Incentivi al lavoro, efficacia limitata
Parlare di fallimento è sbagliato, ma certo gli incentivi alle assunzioni di giovani non hanno dato i risultati sperati, non hanno inciso sulla situazione occupazionale. E il loro scarso utilizzo la dice lunga sulla gravità della crisi che ancora stiamo attraversando ma soprattutto indica che neppure le scorciatoie funzionano in questa situazione e che, con ogni probabilità, occorre una svolta più radicale sul fronte del mercato del lavoro.

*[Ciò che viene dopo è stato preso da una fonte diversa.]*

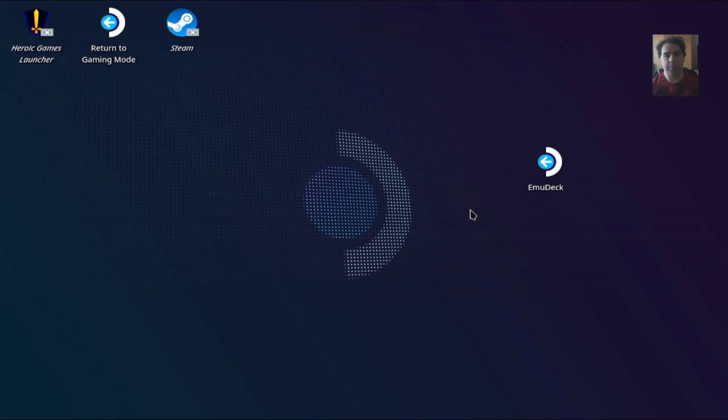Hello everyone! Today I'm going to present the basics of how to use emulation on the Steam Deck.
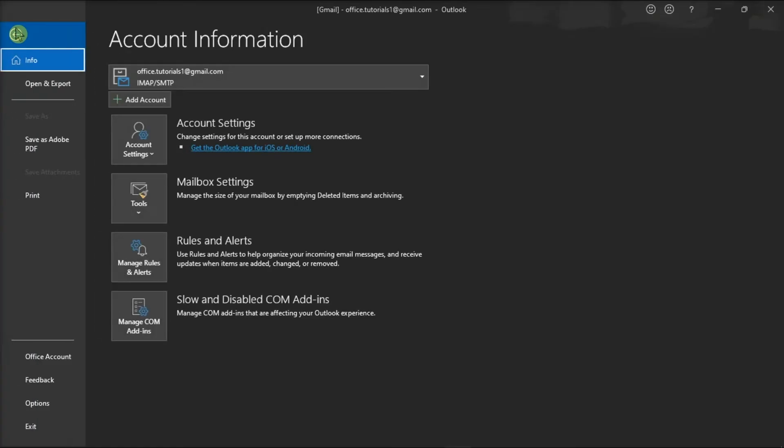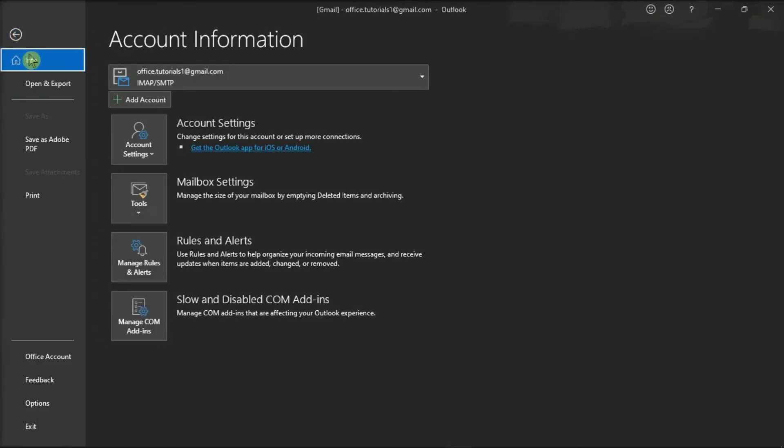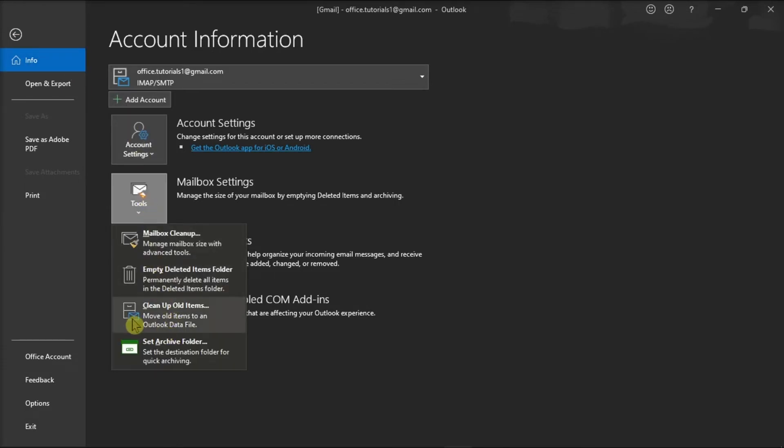Then, click on the File tab, select Info, followed by Tools, and then choose the Clean Up Old Items.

Riavvolgiamo il nastro degli ultimi mesi. A giungo 2013 il governo Letta vara il decreto 76 per far fronte alla già grave situazione occupazionale, poi convertito in legge il 7 agosto e tuttora operante. Fra le misure spiccano all’articolo 1 gli «incentivi per nuove assunzioni di lavoratori tra 18 e 29 anni» a una serie di condizioni (vedi box) e sostenuti da un investimento di 800 milioni di euro. Ebbene, a poco meno di un anno di distanza le domande delle imprese languono. Sono state 27mila quelle presentate finora, di cui in realtà solo 21.361 poi confermate e 21.141 quelle accettate, spiegano al ministero del Lavoro. Circa 18.000 sono assunzioni dirette a tempo indeterminato, mentre le trasformazioni da tempo determinato sono 2.500. Magro risultato se si considera che a fine 2013 le domande erano già 18.000. Negli ultimi 5 mesi, dunque, sono state avanzate circa 3mila richieste in tutto, 600 al mese. Anche le domande per le assunzioni agevolate di donne e over-50 (decise dal governo Monti ma attuate da quello Letta) non sono decollate e restano intorno alle 20mila. E d’altro canto che queste misure non abbiano inciso a fondo sulla situazione occupazionale dei giovani lo dicono le cifre generali. Il tasso di occupazione dei 18-29enni è sceso di 3 punti in un anno, di 1,5 quello dei 15-24enni. In valore assoluto, i giovani occupati tra 15 e 24 anni da giugno 2013 ad aprile 2014 sono passati da 997mila a 898mila, 100mila in meno.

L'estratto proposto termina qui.